▸ **Aim of the task**:
Go through the entries below and collect each line with the string "Silver" in it.

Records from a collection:
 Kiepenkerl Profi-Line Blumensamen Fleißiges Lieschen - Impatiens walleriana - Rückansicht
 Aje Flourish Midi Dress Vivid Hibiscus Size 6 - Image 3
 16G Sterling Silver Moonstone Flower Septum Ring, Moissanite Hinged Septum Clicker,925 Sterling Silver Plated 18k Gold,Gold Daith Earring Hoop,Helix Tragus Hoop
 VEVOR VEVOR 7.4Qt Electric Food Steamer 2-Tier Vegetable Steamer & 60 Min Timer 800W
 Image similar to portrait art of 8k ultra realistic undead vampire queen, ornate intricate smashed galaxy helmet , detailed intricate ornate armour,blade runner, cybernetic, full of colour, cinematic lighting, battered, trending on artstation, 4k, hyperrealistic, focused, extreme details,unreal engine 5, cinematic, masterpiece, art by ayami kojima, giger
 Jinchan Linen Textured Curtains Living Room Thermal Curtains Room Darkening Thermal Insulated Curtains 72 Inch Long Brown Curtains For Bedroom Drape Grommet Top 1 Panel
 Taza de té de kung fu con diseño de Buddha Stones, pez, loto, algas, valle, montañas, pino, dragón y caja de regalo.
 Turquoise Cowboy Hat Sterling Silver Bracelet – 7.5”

▸ **Answer box**:
 16G Sterling Silver Moonstone Flower Septum Ring, Moissanite Hinged Septum Clicker,925 Sterling Silver Plated 18k Gold,Gold Daith Earring Hoop,Helix Tragus Hoop
 Turquoise Cowboy Hat Sterling Silver Bracelet – 7.5”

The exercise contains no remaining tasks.